Suppose $\displaystyle t = 1$ and $\displaystyle n =2$. In other words, we want to show that $\displaystyle f$ maps only finitely many terms from $\displaystyle \left(\frac{1}{2}, \frac{3}{2} \right)$ to $\displaystyle \frac{1}{2}$. So given a sequence $\displaystyle (x_n)$ that approximates $\displaystyle \frac{1}{2}$, it will have a finite number of rational terms from part (a). Is this correct?

(c) Show that $\displaystyle f$ is continuous at every irrational number.

Given any sequence $\displaystyle (x_n)$ in $\displaystyle [0,1]$ converging to $\displaystyle a \in [0,1]$, $\displaystyle a \in \mathbb{R} \ \backslash \mathbb{Q}$, $\displaystyle (f(x_n))$ converges to $\displaystyle f(a)$. So we can always find an "irrational" sequence that approximates $\displaystyle a$? Thus $\displaystyle (f(x_n))$ converges to $\displaystyle 0$?

(d) Let $\displaystyle \epsilon >0$. Prove that $\displaystyle f$ maps only finitely many elements of $\displaystyle [0,1]$ to a value greater than $\displaystyle \epsilon$.

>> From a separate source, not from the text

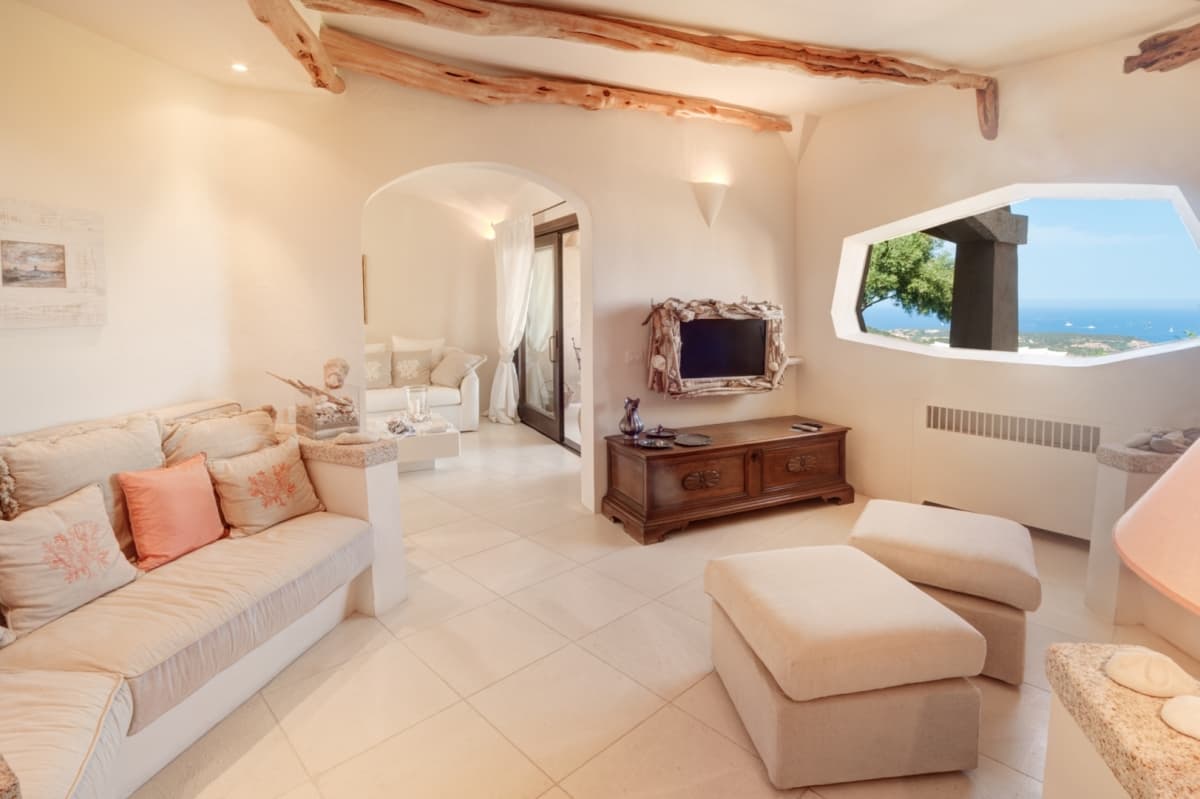 First of 5 senses lorem ipsum sit dolor et amet est vorbis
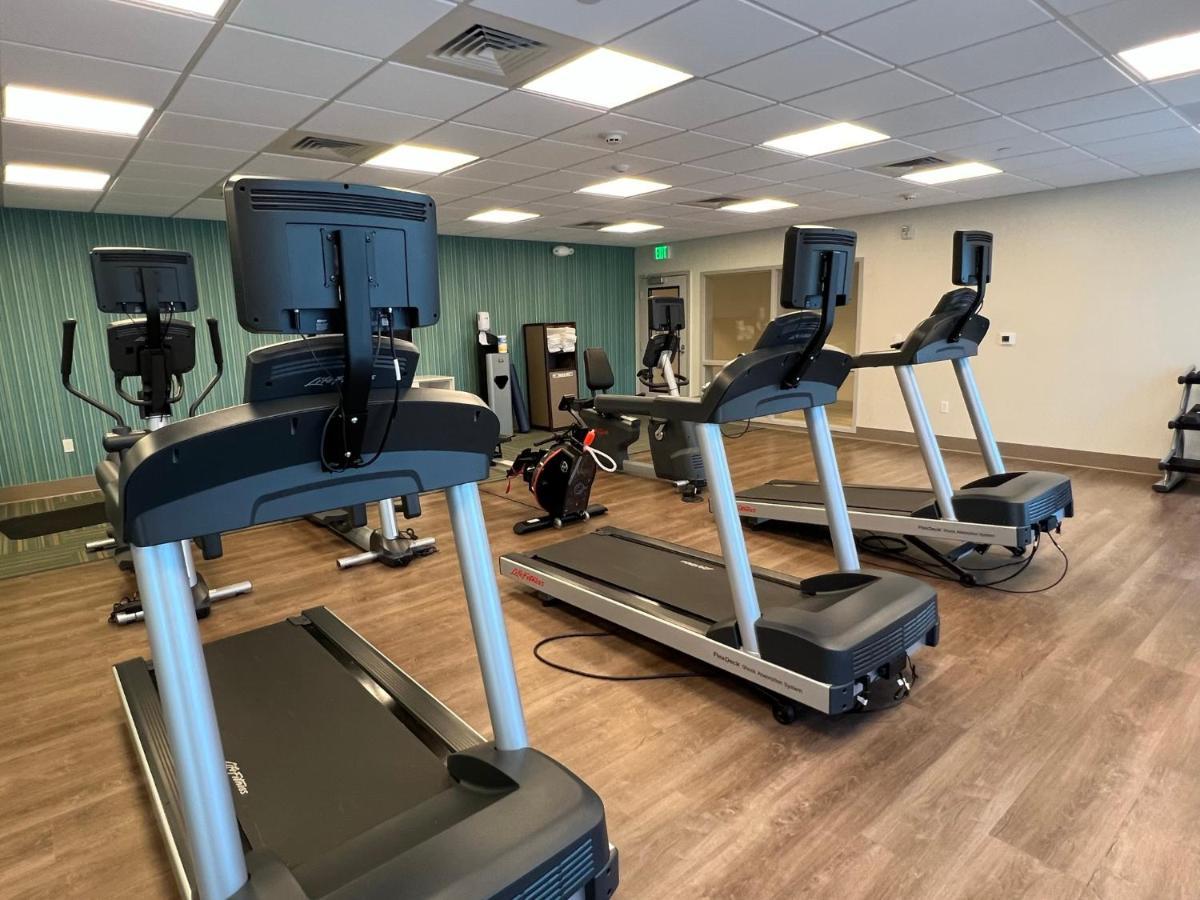 Holiday Inn Express & Suites - Ukiah By Ihg Екстериор снимка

This is the same as part(b) right?

(e) Prove that $\displaystyle f$ is Riemann integrable on $\displaystyle [0,1]$ and that $\displaystyle \int_{0}^{1} f = 0$.

Here we just consider $\displaystyle |\mathcal{R}(f,P)|$? And bound it and show it is less than $\displaystyle \epsilon$?
• Mar 17th 2009, 11:22 AM
Showcase_22
Quote:

$\displaystyle f(x) = \begin{cases} 0 \ \ \ \ \text{if} \ x \ \ \text{is irrational} \\ \frac{1}{q} \ \ \ \ \text{if} \ x \ \text{is rational} \ \text{and} \ x = \frac{p}{q} \ \text{in lowest terms} \end{cases}$
A). (I'm not that good at these so it would be dandy if someone could check this over).

Let C be our rational number. Hence $\displaystyle C=\frac{p}{q}$.

Let's construct a sequence $\displaystyle a_n$ such that $\displaystyle a_n=C+\frac{1}{n}$ and a sequence $\displaystyle b_n=C-\frac{\pi}{n}$ (where $\displaystyle n \in \mathbb{N}$).

Clearly, $\displaystyle a_n$ approaches C from the right and $\displaystyle b_n$ approaches C from the left. Our goal is to show that $\displaystyle f(\lim_{n \rightarrow \infty} a_n)$ and $\displaystyle f(\lim_{n \rightarrow \infty} b_n)$ are different.

$\displaystyle \frac{1}{n}$ is always rational so $\displaystyle a_n=C+\frac{1}{n}$ is always rational. Hence $\displaystyle f(\lim_{n \rightarrow \infty}a_n)=\frac{1}{q}$.

$\displaystyle \frac{\pi}{n}$ is always irrational so $\displaystyle b_n=C+\frac{\pi}{n}$ is always irrational. Hence $\displaystyle f(\lim_{n \rightarrow \infty}b_n)=0$.

Therefore:

$\displaystyle f(\lim_{n \rightarrow \infty}a_n) \neq f(\lim_{n \rightarrow \infty} b_n)$ so the function f is not continuous at every rational number.